Lisozim. Sudah lama diketahui bahwa lisozim adalah suatu substrat anti-infeksi yang sangat berguna di dalam air mata. Akhir-akhir ini terbukti bahwa di dalam ASI juga terdapat lisozim dalam kadar yang cukup tinggi (sampai 2mg/100mL), yaitu 5000 kali lebih banyak daripada susu lembu. Lisozim pada ASI ini tidak dihancurkan di dalam usus sehingga kadarnya dalam tinja masih ditemukan dalam konsentrasi yang cukup tinggi.

Khasiat lisozim, bersama-sama dengan sistem komplemen dan SIgA dapat memecahkan dinding sel bakteri (bakteriolitik) dari kuman-kuman enterobacteriaceae dan kuman-kuman gram positif. Selain itu, lisozim diduga juga melindungi tubuh bayi dari berbagai infeksi virus antara lain virus herpes hominis.

Imunoglobulin. Semua macam imunoglobulin ditemukan di dalam ASI. Dengan tehnik yang baru, seperti imuno-electrophoresi, radio immune assay, elisa, dan sebagainya dapat diidentifikasi lebih dari 30 macam imunoglogulin. Delapan belas di antaranya berasal dari serum si ibu dan sisanya hanya ditemukan di dalam ASI atau kolostrum.

Selain itu, imunoglobulin G dapat menembus plasenta dan berada pada konsentrasi yang cukup tinggi di dalam darah janin/ bayi sejak lahir sampai umur beberapa bulan, sehingga dapat memberikan perlindungan terhadap beberapa macam penyakit.

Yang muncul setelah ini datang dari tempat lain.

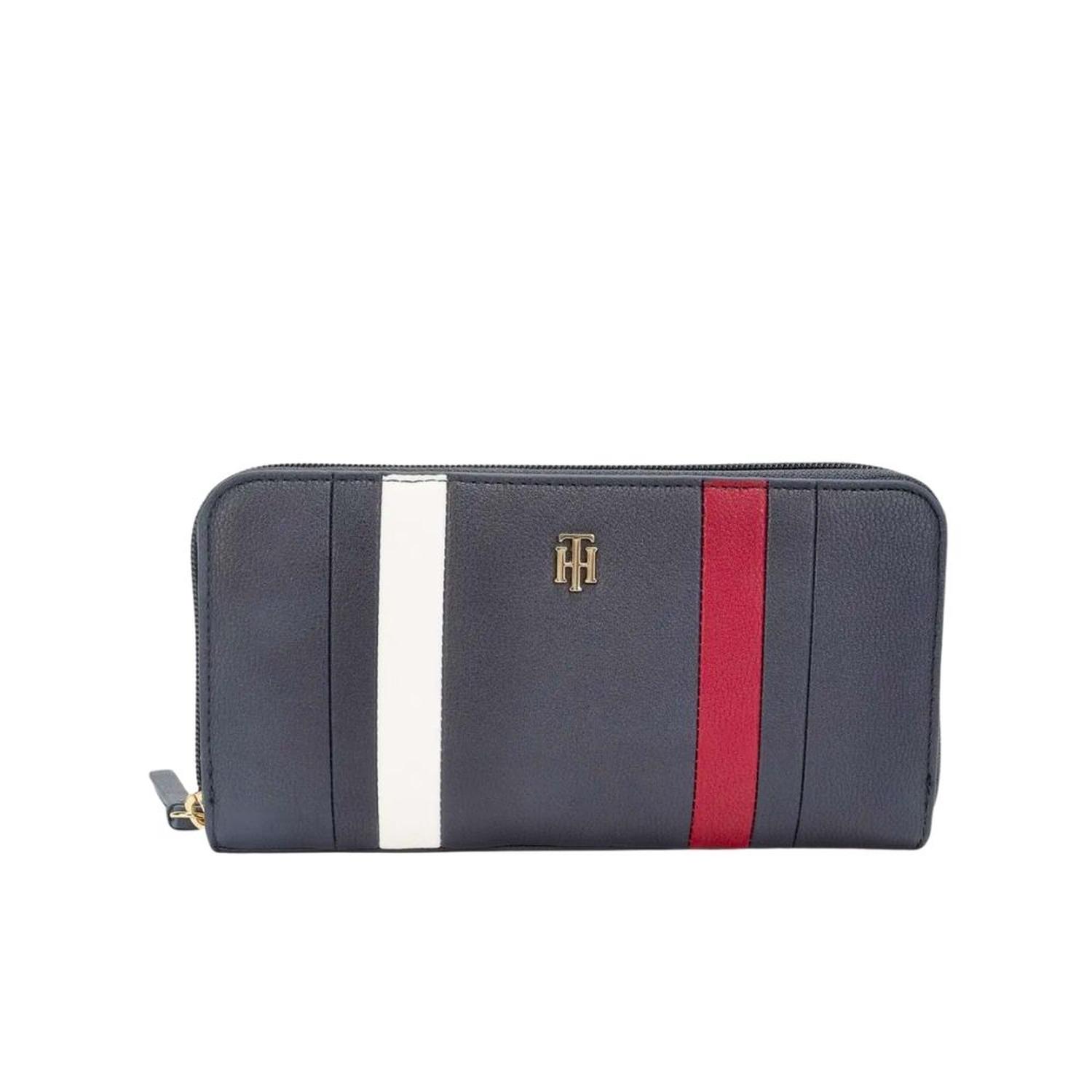 BILLETERA TOMMY HILFIGER STRIPED ZIP-AROUND AZUL - 1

Imunoglobulin terpenting dan terbanyak dalam darah manusia adalah IgG. Sebaliknya, di dalam ASI yang terpenting adalah IgA.
IgA dianggap penting tidak hanya karena konsentrasinya yang tinggi, namun juga karena aktivitas biologiknya. Dari kelas IgA ini, yang paling dominan adah SIgA, yang kadarnya 90% dari seluruh kadar imunoglobulin di dalam kolostrum maupun ASI matur.
Diduga fungsi utama dari SIgA adalah mencegah melekatnya kuman-kuman patogen pada dinding mukosa usus halus. Selain itu, SIgA juga  dapat menghambat proliferasi kuman-kuman tersebut di dalam usus. Kadar imunoglobulin di dalam payudara kiri dan kanan adalah sama dan kadar ini juga konstan di dalam ASI. Kadar ini selalu sama baik pada permulaan laktasi (menyusui) maupun pada akhir laktasi dan juga konstan tiap 24 jamnya.

Hentikan Vaksin

Setelah merenungkan agenda  Yahudi serta dampak buruk vaksin, cukup banyak tenaga medis yang menghentikan dan menentang vaksinasi, baik sembunyi-sembunyi maupun terang-terangan.

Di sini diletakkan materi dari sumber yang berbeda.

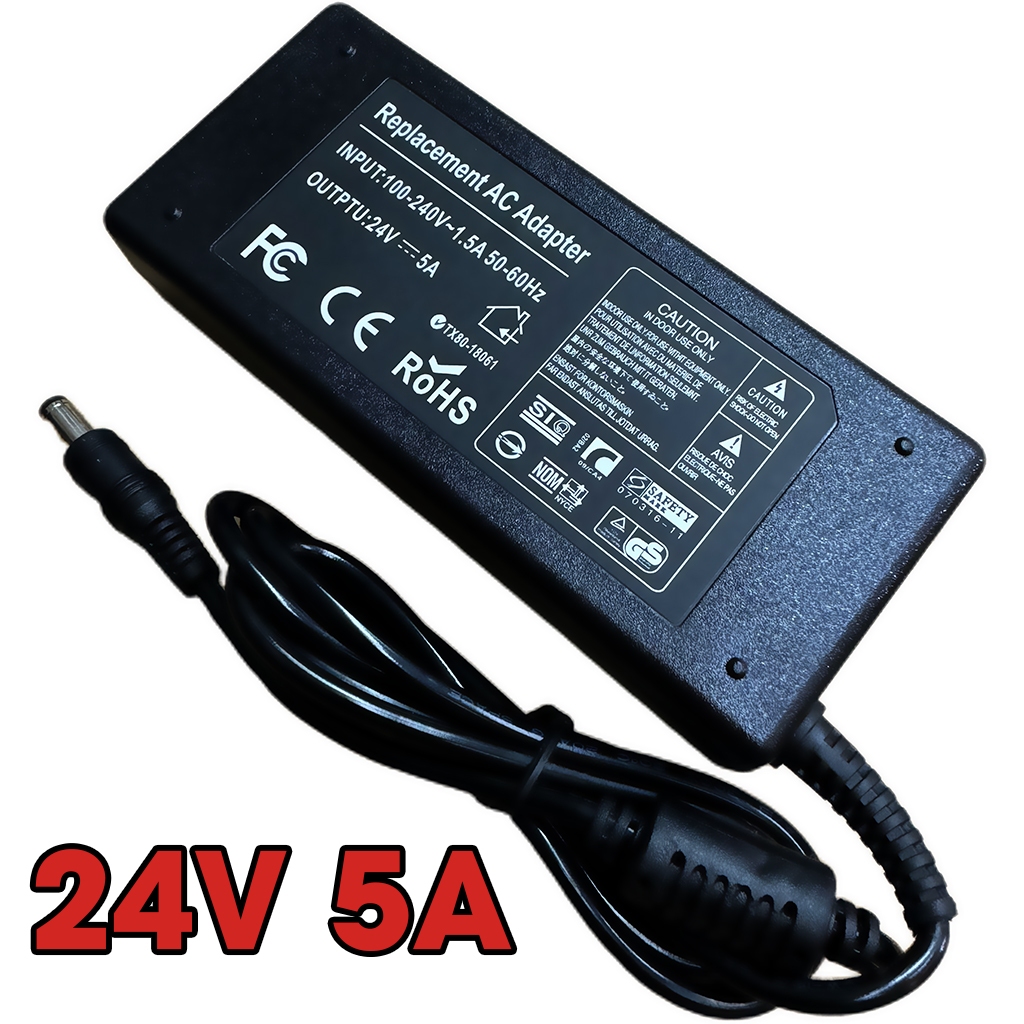 Nguồn adapter 24V - 5A | Hàng công suất chuẩn | Cam kết Giống ảnh | Đẹp tuyệt vời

Seorang dokter ahli kandungan yang kami kenal, menghentikan program imunisasi di kliniknya karena tidak ingin men-dzolimi bayi dan masyarakat dengan memasukkan barang-barang haram dan membahayakan kesehatan. Menurutnya, semisal vaksin hepatitis B membuat organ-organ tubuh bayi terutama liver menjadi sangat terpaksa merespon virus-virus dan zat kimia sehingga memungkinkan terjadinya kelemahan liver untuk tahap kehidupan berikutnya.

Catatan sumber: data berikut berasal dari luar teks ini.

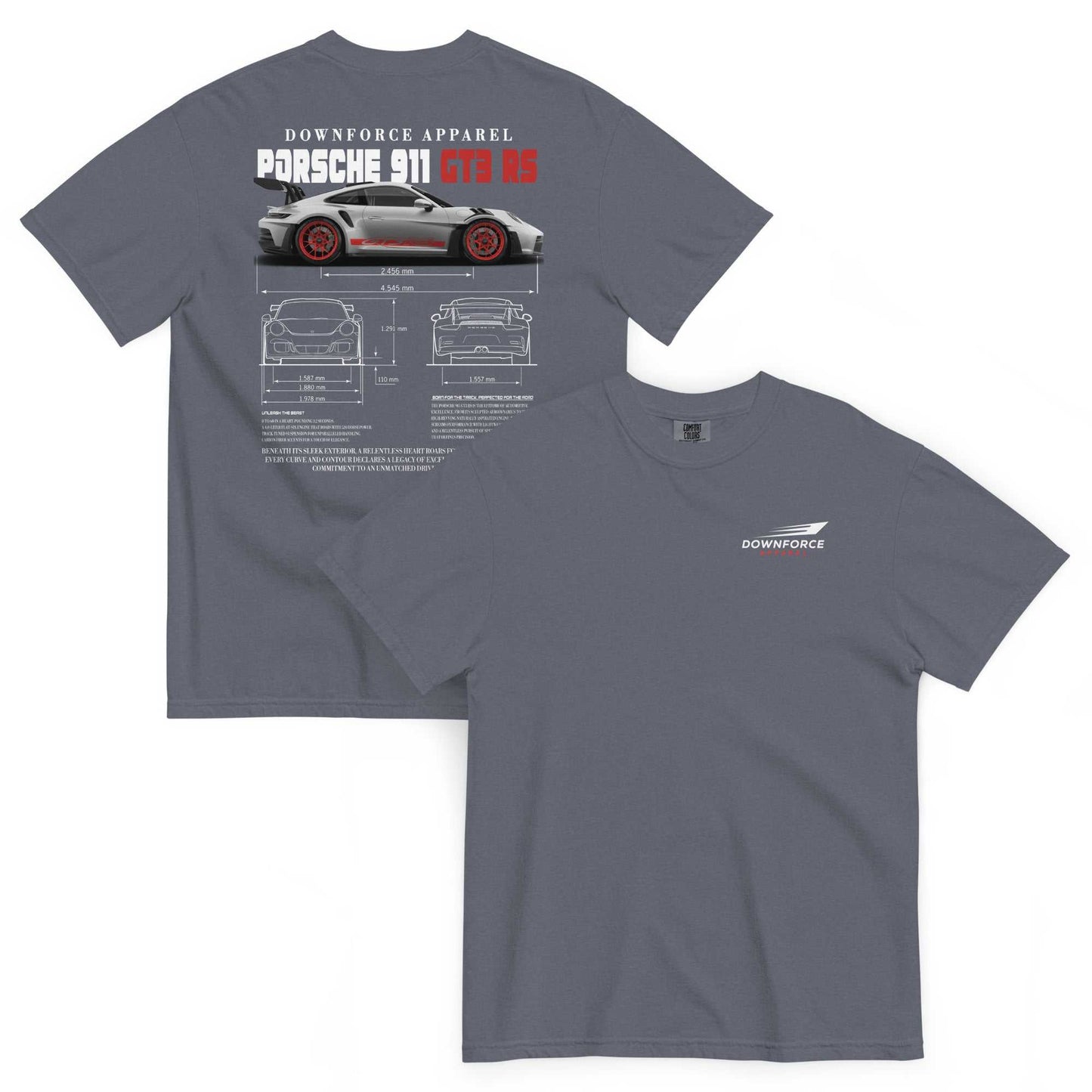 Gray Weissach Warrior GT3 RS tee featuring Porsche 911 GT3 RS car blueprint and specs on back and Downforce Apparel logo on front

Dr. Fadilah Supari saat menjabat sebagai Menteri Kesehatan secara terang-terangan mendesak kajian ulang mengenai kebaradaan Namru 2 (Naval Mediacal Research Unit), proyek riset militer AS dalam masalah vasin. Selain itu, dia juga menentang proyek jual beli virus flu burung dan bisnis-bisnis kotor Amerika lainnya.

Siti Fadilah, mengamati adanya konspirasi AS dan WHO dalam mengembangkan senjata biologis virus flu burung sehingga ia dinilai “membuka kedok” WHO yang telah lebih dari 50 tahun mewajibkan virus sharing yang merugikan negara-negara miskin.

Bahkan Amerika Serikat sendiri telah mendirikan The Vaccine Adverse Events Reporting Sistem (VAERS) yang mencatat berbagai reaksi buruk yang disebabkan oleh berbagai program vaksinasi. Menurut laporan VAERS, tercatat 244.424 kasus, dengan 2.866 kasus berujung kematian sejak tahun 1999-2002.

Demikan pula masyarakat di AS, Kanada, dan beberapa negara Eropa seperti Inggeris, Perancis, dan Belanda telah membatalkan beberapa program vaksinasi.